Calculated members are defined in MDX, and can be very simple: MeasureA minus MeasureB. But, calculated members can also be very complex MDX expressions that implicitly request a broad set of leaf data. When designing the cube and evaluating query performance, it's important to remember that a seemingly simple calculated member such as "Average Sales of Top 10 Customers" might require a substantial volume of leaf data in order to evaluate. In this example, a dynamic evaluation of the top customers might be an expensive operation. This evaluation always takes place on the analysis server, even if the leaf data are stored in the relational database in ROLAP or HOLAP storage modes.

Analysis Services storage modes

Analysis Services supports cube partition data storage in three modes:

MOLAP

Leaf data and all aggregates are stored in the Analysis Services format on the analysis server. During processing, leaf data are pulled from the relational source and stored on the analysis server in the Analysis Services format. Aggregates are computed and stored in the Analysis Services format.
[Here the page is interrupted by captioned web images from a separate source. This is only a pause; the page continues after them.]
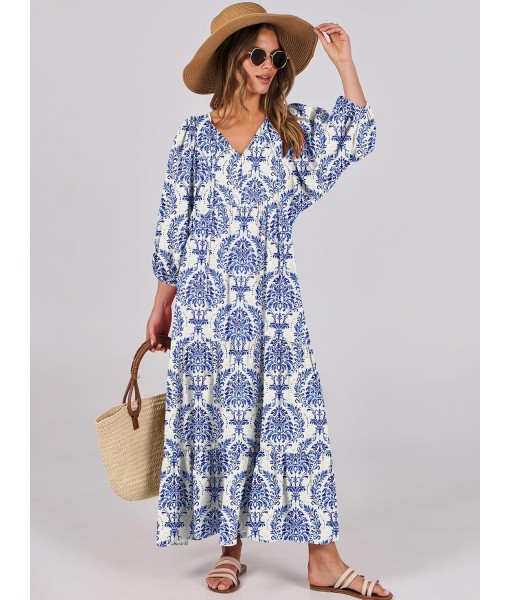 ANRABESS Womens Boho Maxi Dresses 2025 Summer V Neck Puff Sleeve Floral Flowy Swing Fall Casual Long Dress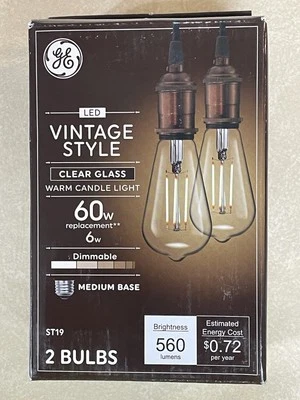 2x Pack GE 60W Vintage Edison Style Filament LED Light Bulb 560 Lumens Dimmable - Image 1 of 3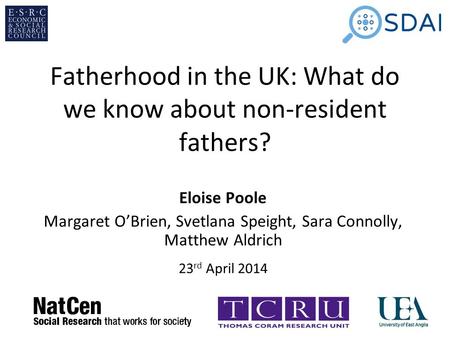 Fatherhood in the UK: What do we know about non-resident fathers? Eloise Poole Margaret O’Brien, Svetlana Speight, Sara Connolly, Matthew Aldrich 23 rd.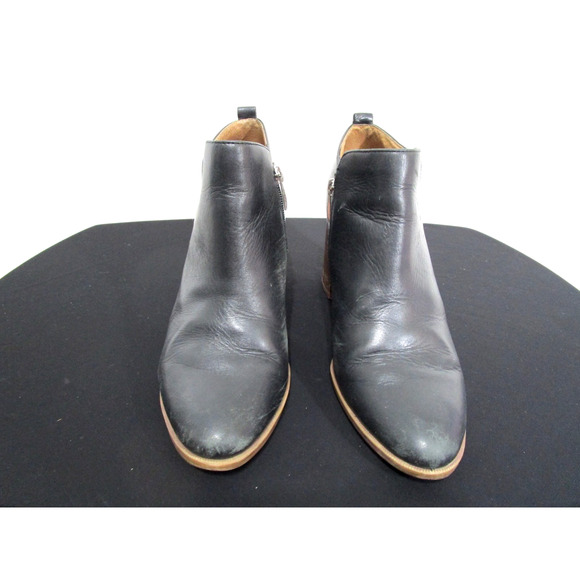 Franco Sarto Dante Black Leather Block Heel Ankle Booties Women 10 M - Picture 2 of 9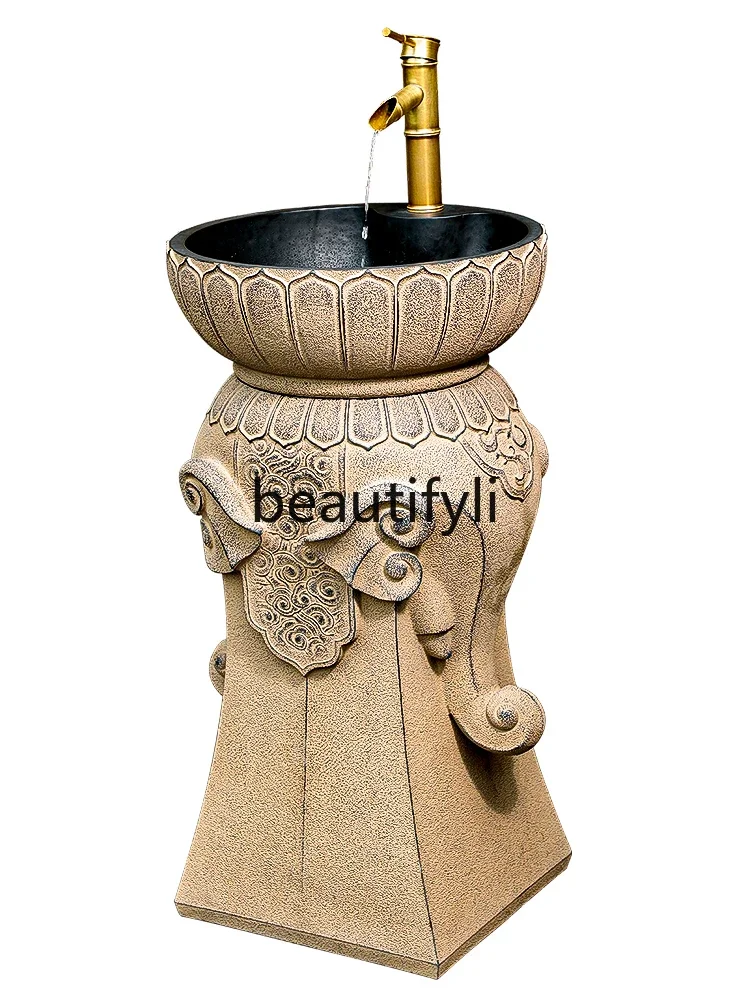 

New Chinese outdoor wash basin Balcony Terrace Creative pillar wash basin Garden outdoor courtyard wash basin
MOLAP storage is the most common Analysis Services storage mode, and provides the best performance at query time.

When there is poor bandwidth between the Teradata Database and Analysis Services database, MOLAP partition full processing speed is throttled by the OLE DB provider. Care must be taken to design the cube management system so that cube full processing is of sufficiently high performance.

Most MOLAP cubes require 20-30 percent of the storage of the corresponding source data as stored in the relational database (data only, no indexes). Of this storage, approximately half is required by the leaf MOLAP data, and half by the aggregations. Cubes that contain Distinct Count measures have somewhat larger aggregations.

ROLAP

Detailed data and aggregates (if any) are stored in the relational database. As stated earlier, in the Teradata Database / Analysis Services configuration, ROLAP aggregates created by Analysis Services are not supported: ROLAP storage in this case means ROLAP with zero aggregates as defined in the Storage Design Wizard. To ensure ROLAP aggregates are set to zero, run the Storage Design Wizard, and on the Set Aggregation Options pane set performance gain to 0 percent. Aggregates used in this scenario would need to be created through the Teradata Aggregate Join index feature. See the Teradata Database and Client User Documentation for information on implementing Aggregate Join indexes.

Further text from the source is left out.